§ Caption-style text data:
---+---

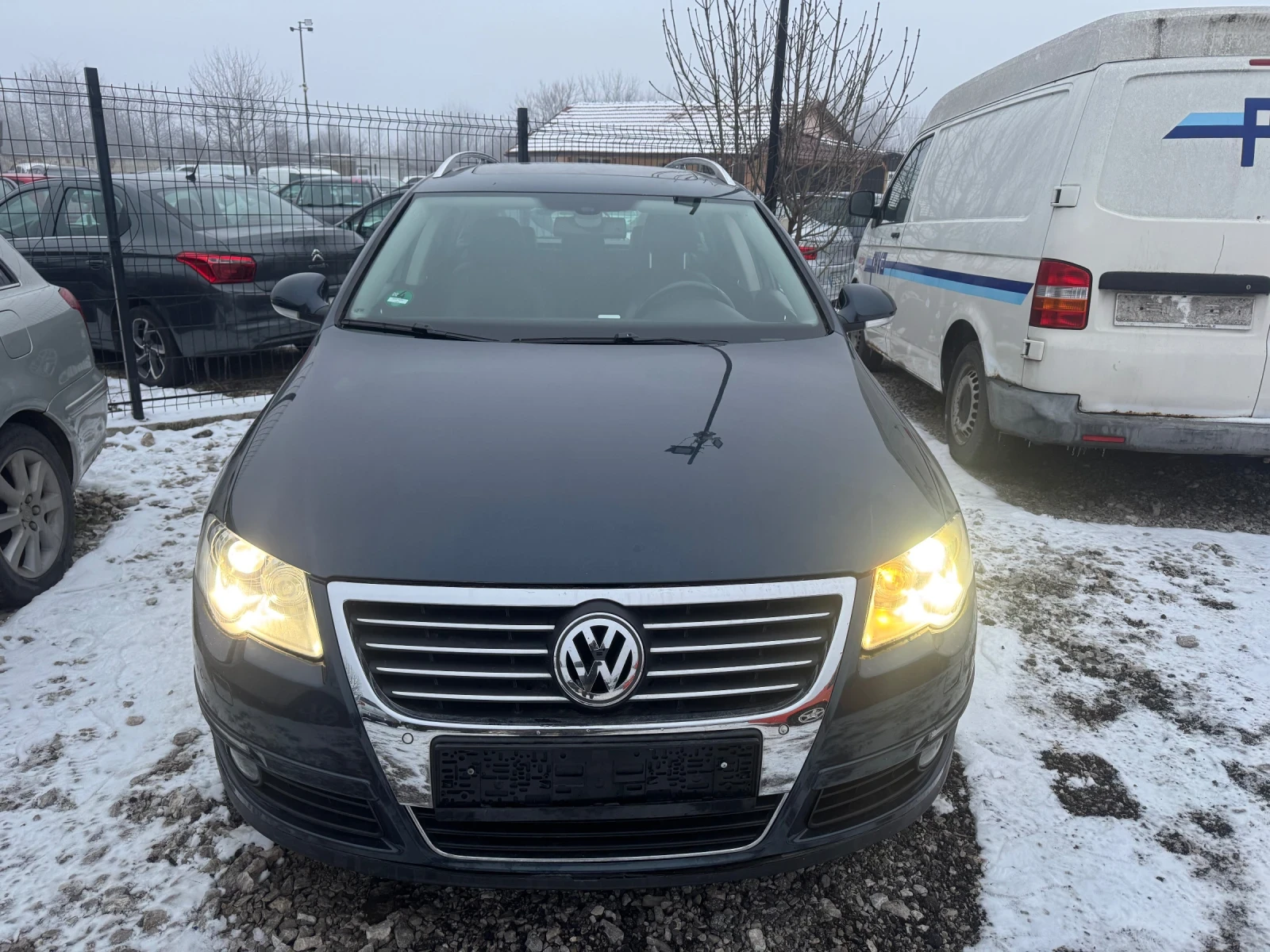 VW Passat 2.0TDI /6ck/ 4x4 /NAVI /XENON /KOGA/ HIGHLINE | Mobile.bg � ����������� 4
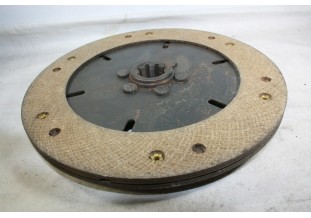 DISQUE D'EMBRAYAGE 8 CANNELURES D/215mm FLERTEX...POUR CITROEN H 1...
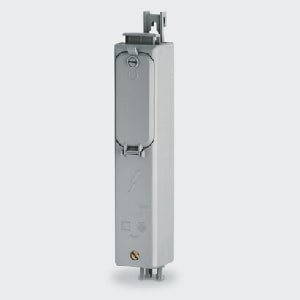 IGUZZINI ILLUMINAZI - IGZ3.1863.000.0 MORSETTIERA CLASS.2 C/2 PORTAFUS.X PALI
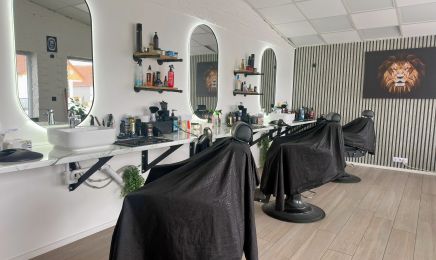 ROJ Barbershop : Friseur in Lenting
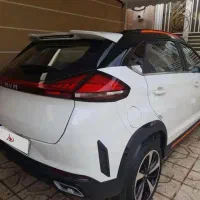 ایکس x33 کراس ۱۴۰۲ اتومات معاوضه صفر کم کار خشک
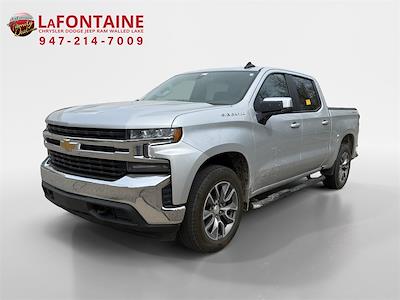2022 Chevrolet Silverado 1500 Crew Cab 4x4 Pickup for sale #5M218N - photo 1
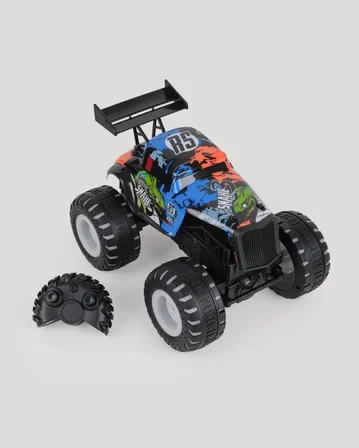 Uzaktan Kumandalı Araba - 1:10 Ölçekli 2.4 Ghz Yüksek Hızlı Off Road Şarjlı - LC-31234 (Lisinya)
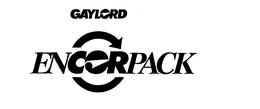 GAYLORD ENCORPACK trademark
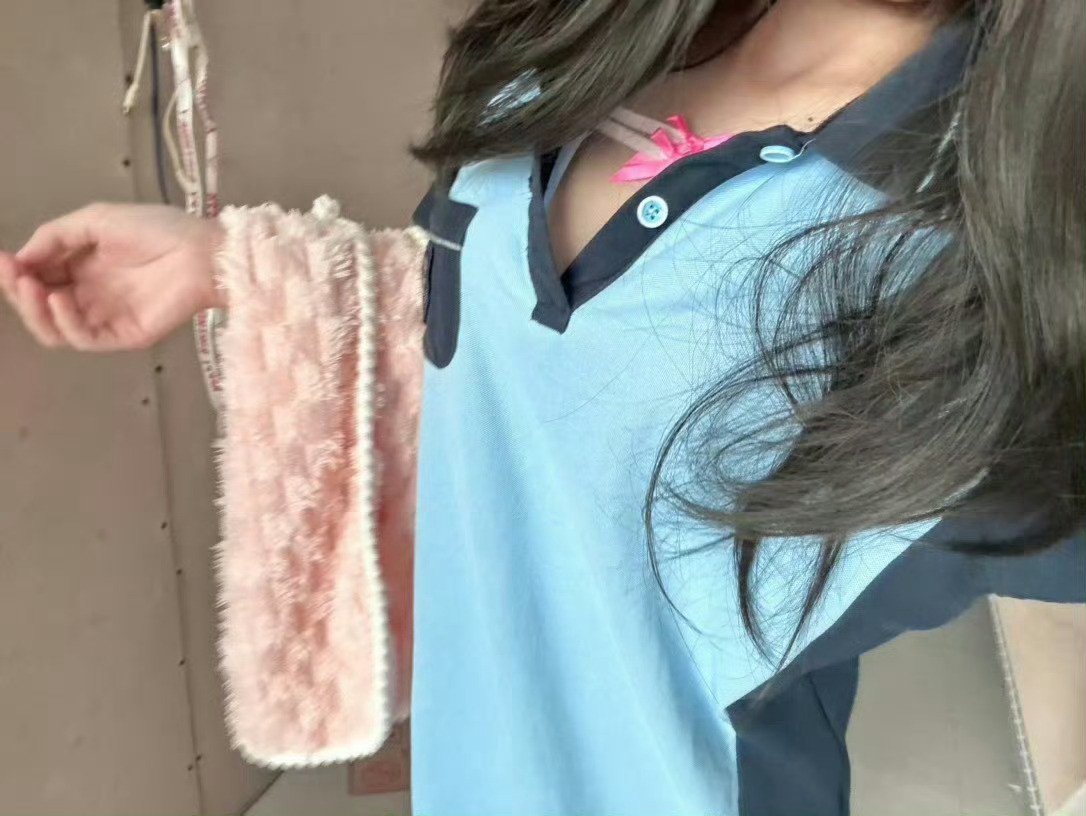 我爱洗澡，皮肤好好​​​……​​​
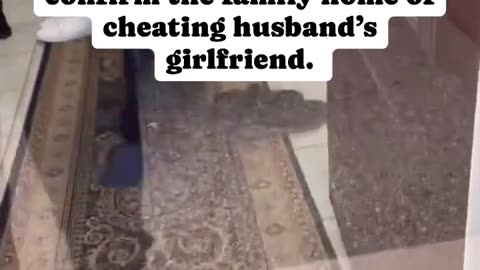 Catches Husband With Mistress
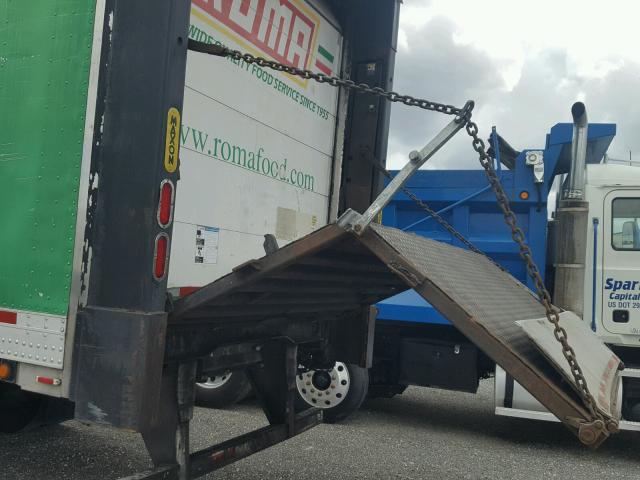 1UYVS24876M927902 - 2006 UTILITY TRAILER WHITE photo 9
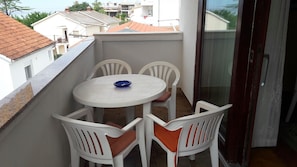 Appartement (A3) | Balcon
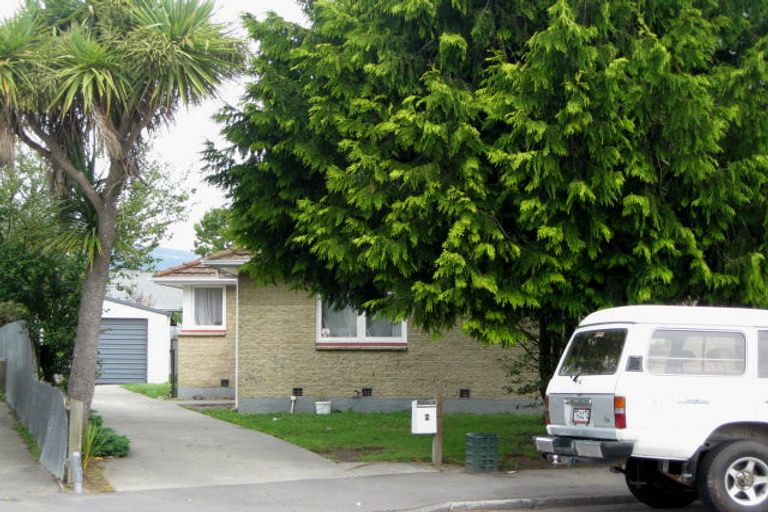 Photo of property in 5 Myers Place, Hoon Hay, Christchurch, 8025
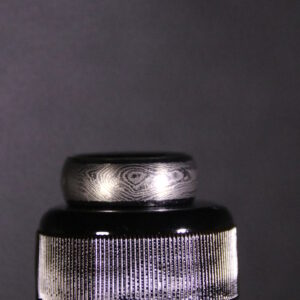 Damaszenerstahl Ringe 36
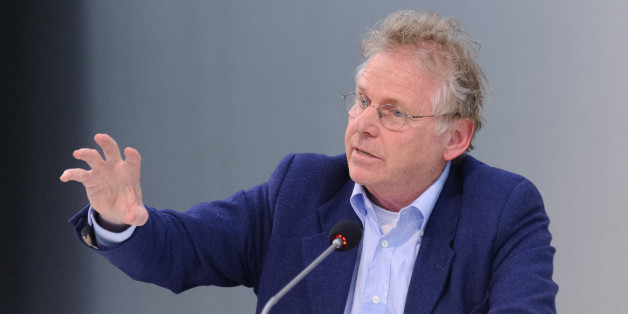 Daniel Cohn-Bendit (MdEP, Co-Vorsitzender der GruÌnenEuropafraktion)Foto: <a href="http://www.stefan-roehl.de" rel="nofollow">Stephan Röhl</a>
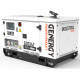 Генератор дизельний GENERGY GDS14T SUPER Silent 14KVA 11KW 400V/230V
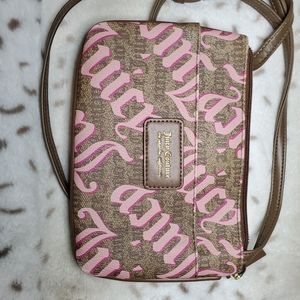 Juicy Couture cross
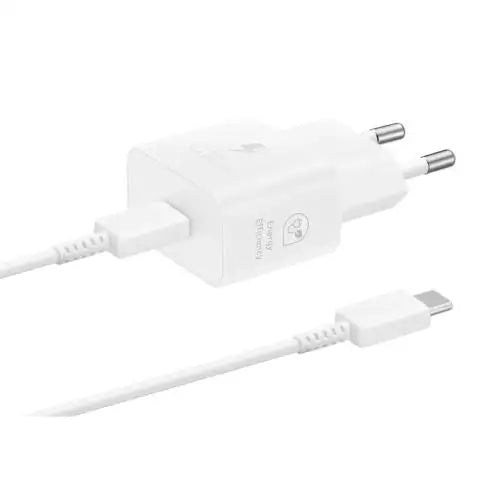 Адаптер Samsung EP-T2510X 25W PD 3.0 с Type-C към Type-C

---+---

§ WHAT IS REQUIRED: Word for word, restate all of the records. Exclude the pictures.

§ RESULT:
 VW Passat 2.0TDI /6ck/ 4x4 /NAVI /XENON /KOGA/ HIGHLINE | Mobile.bg � ����������� 4
 DISQUE D'EMBRAYAGE 8 CANNELURES D/215mm FLERTEX...POUR CITROEN H 1...
 IGUZZINI ILLUMINAZI - IGZ3.1863.000.0 MORSETTIERA CLASS.2 C/2 PORTAFUS.X PALI
 ROJ Barbershop : Friseur in Lenting
 ایکس x33 کراس ۱۴۰۲ اتومات معاوضه صفر کم کار خشک
2022 Chevrolet Silverado 1500 Crew Cab 4x4 Pickup for sale #5M218N - photo 1
 Uzaktan Kumandalı Araba - 1:10 Ölçekli 2.4 Ghz Yüksek Hızlı Off Road Şarjlı - LC-31234 (Lisinya)
 GAYLORD ENCORPACK trademark
 我爱洗澡，皮肤好好​​​……​​​
 Catches Husband With Mistress
 1UYVS24876M927902 - 2006 UTILITY TRAILER WHITE photo 9
 Appartement (A3) | Balcon
 Photo of property in 5 Myers Place, Hoon Hay, Christchurch, 8025
 Damaszenerstahl Ringe 36
 Daniel Cohn-Bendit (MdEP, Co-Vorsitzender der GruÌnenEuropafraktion)Foto: <a href="http://www.stefan-roehl.de" rel="nofollow">Stephan Röhl</a>
 Генератор дизельний GENERGY GDS14T SUPER Silent 14KVA 11KW 400V/230V
 Juicy Couture cross
 Адаптер Samsung EP-T2510X 25W PD 3.0 с Type-C към Type-C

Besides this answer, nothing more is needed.